We want to be able to introduce a universal quantification within the type of twice, and not just at the top level. And this is the problem: in our system of choice, this is not possible.

Now, there are of course systems in which this sort of quantification is perfectly legal; System F, for example, allows all this and more, for just 27 payments of $34.95! But, then again, type inference in System F is undecidable, which might burst your balloon.

Thursday, January 21, 2010

This post is brought to you by the Greek letter...

So, a long time ago I said that a Mix alpha release is coming, and it really is, I swear. Here are some examples of Mix code that the implementation can currently compile correctly.

1: This is an example of some code that cannot be handled under Hindley-Milner style inference. Specifically, notice that in the body of twice we apply f to the type of its own result. This requires that f have type 'a -> 'a, and therefore that twice have type ('a -> 'a) -> a'. Clearly in our application of twice the argument pair doesn't have such a restricted type.

twice(f)
{
    return function(x){ return f(f(x)); };
}

pair(x)
{
  return new Pair(x, x);
}

Int main(String args)
{
  var p = twice(pair)(1);
  return p.First.First;
}

2: This example shows how cool container classes are in Mix, at least to me. I love homogenous containers because they (well, the type system) take care of ensuring I don't do anything too stupid with its elements. However, in a language like C# or Java you must introduce an (often artificial) interface in order to group objects of different type but related functionality in such a container -- otherwise you just have to relegate yourself to containers of object, and live with the lack of type safety. Here Mix infers what operations are possible on all elements of the array. The error arrises because Mix infers that the array possibly contains both integers and strings, the latter of which do not implement the negation operator -operator.

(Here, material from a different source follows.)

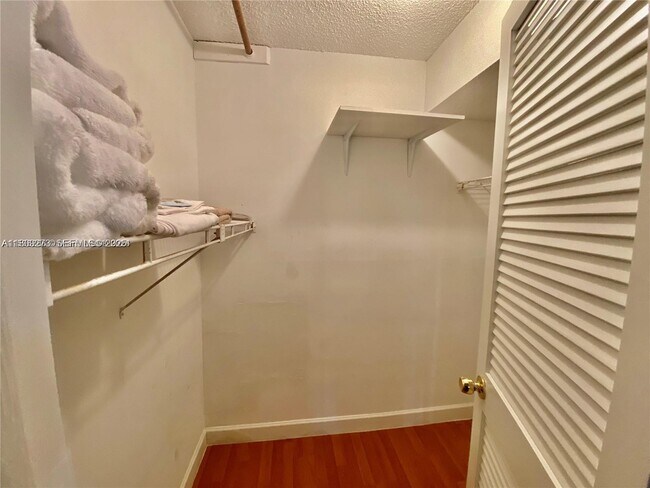 Building Photo - 671 S Hollybrook Dr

Another note: arrays are enumerable (which just means that they implement GetEnumerator correctly), and enumerables implement ToString by simply concatenating the string representations of all of their elements. So as long as all of the elements of an enumerable implement ToString, the enumerable itself does as well, which is how we can call IO.print on the array.

Int main(String args)
{
  var a = new Array(10);
  for(var i = 0; i < a.Length(); i++)
  {
    a[i] = i;
  }
  a[random(10)] = "Hello!";

  IO.print(a);  //Enumerable.

  a[4] = -a[4]; //Error, strings cannot be negated.
  return 0;
}

3: Here's a funny example in which iterating to a fixed point proves critical. Essentially f gets a type that should be interpreted as "either a pointer to an integer, or a pointer to a pointer to a string, or a pointer to a pointer to a pointer to an integer, or..." Which essentially means that the only operations you can really perform on f are ToString and Get (which gets the value of a pointer).

Int main(String s)
{
  var f = new Ptr(0);
  var g = new Ptr("Foo!");
  
  for(var i = 0; i < 10; i += 1)
  {
    var temp = f;
    f = new Ptr(g);
    g = new Ptr(temp);
  };
  
  IO.print("f: " + f);
  IO.print("g: " + g);
  return 0;
}

I wanted to put a few more up, but it is time to get back to work.